WHAT IS REQUIRED =
Write down exactly what lies from the line containing "The Gospel of" to the end of the records, inclusive, and omit the pictures.

DATASET =

Segment Open

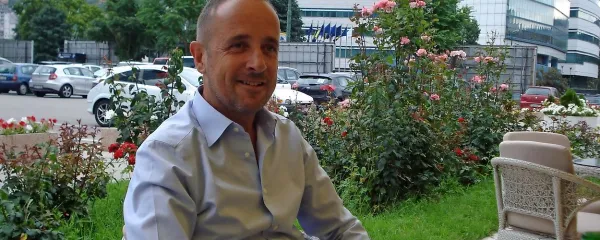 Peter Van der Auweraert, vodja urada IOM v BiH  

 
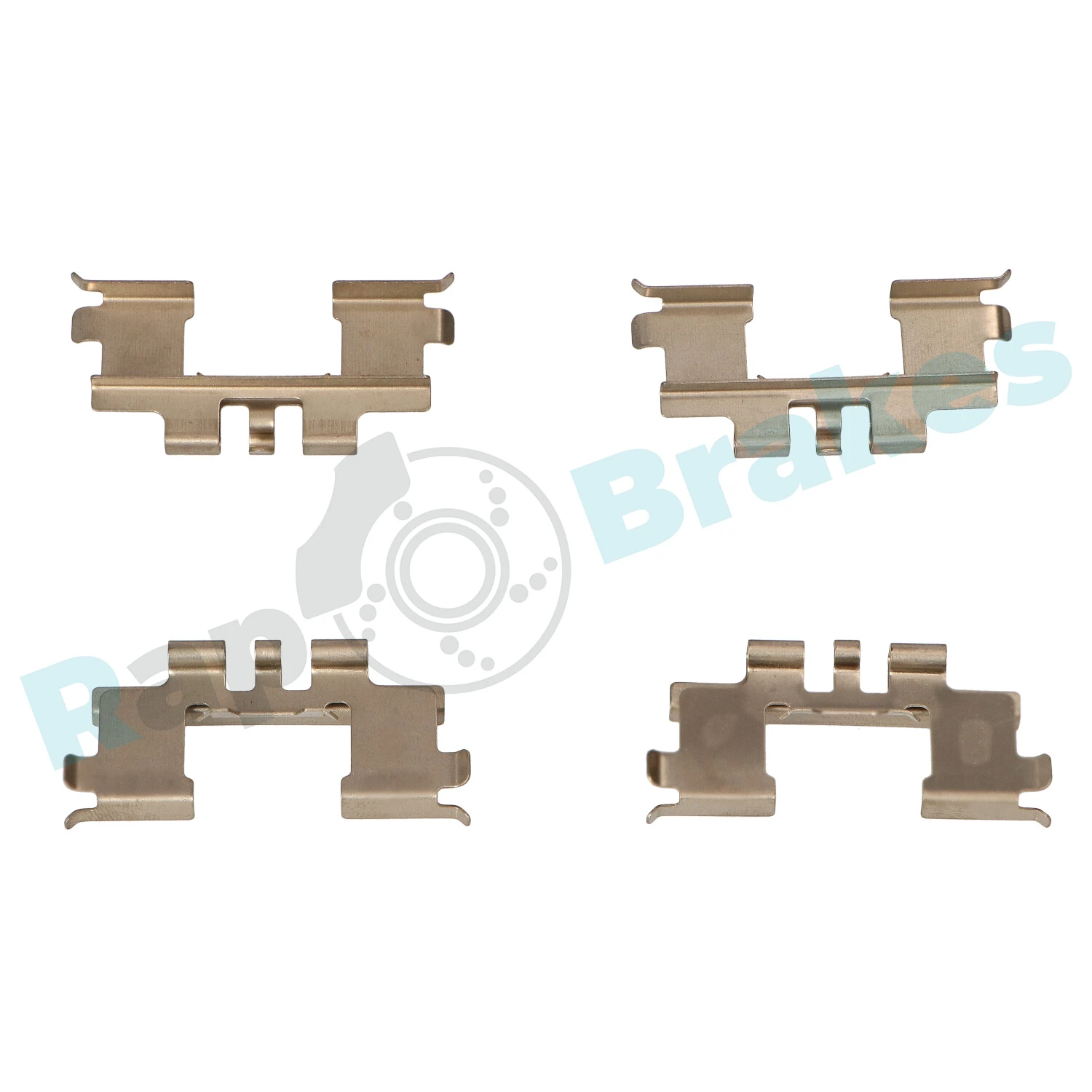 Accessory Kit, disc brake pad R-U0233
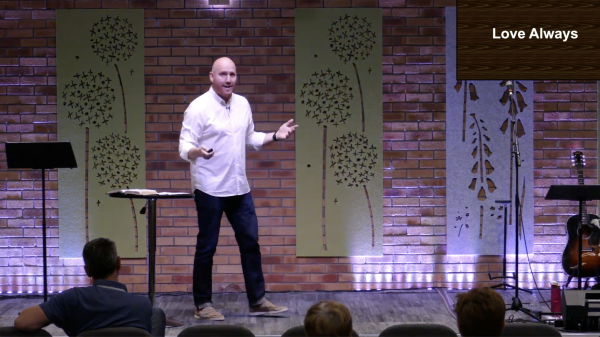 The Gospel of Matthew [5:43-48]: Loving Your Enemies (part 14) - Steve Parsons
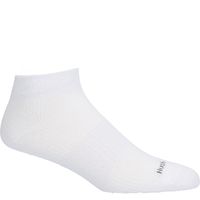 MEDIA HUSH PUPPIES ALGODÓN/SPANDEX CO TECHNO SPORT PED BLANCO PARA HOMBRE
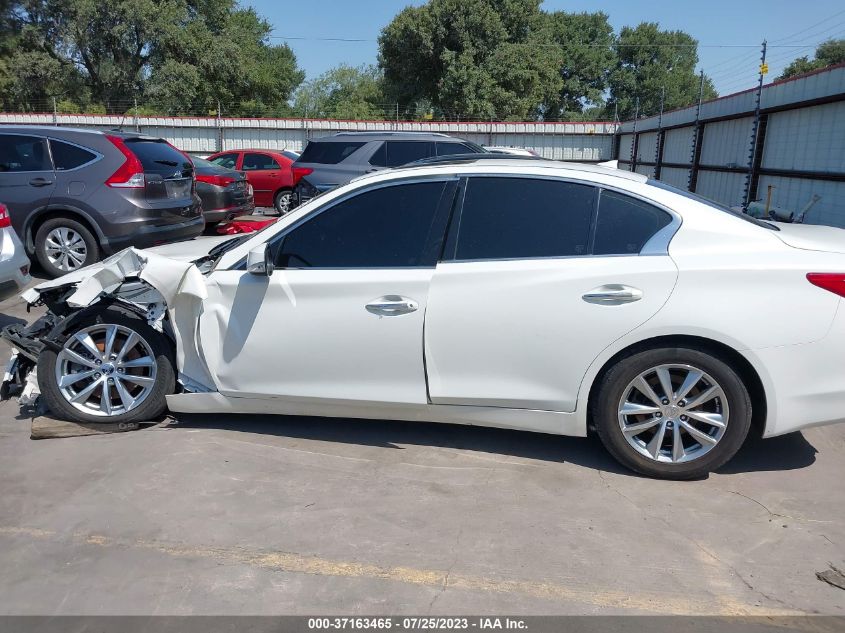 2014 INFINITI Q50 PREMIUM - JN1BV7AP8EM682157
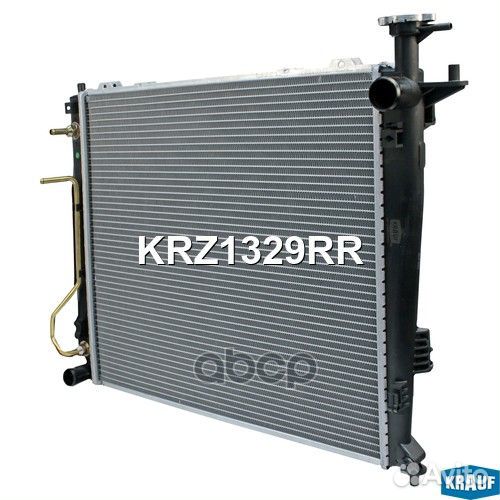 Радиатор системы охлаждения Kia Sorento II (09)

Segment Closed

RESULT OF THIS EXERCISE =
 The Gospel of Matthew [5:43-48]: Loving Your Enemies (part 14) - Steve Parsons
 MEDIA HUSH PUPPIES ALGODÓN/SPANDEX CO TECHNO SPORT PED BLANCO PARA HOMBRE
 2014 INFINITI Q50 PREMIUM - JN1BV7AP8EM682157
 Радиатор системы охлаждения Kia Sorento II (09)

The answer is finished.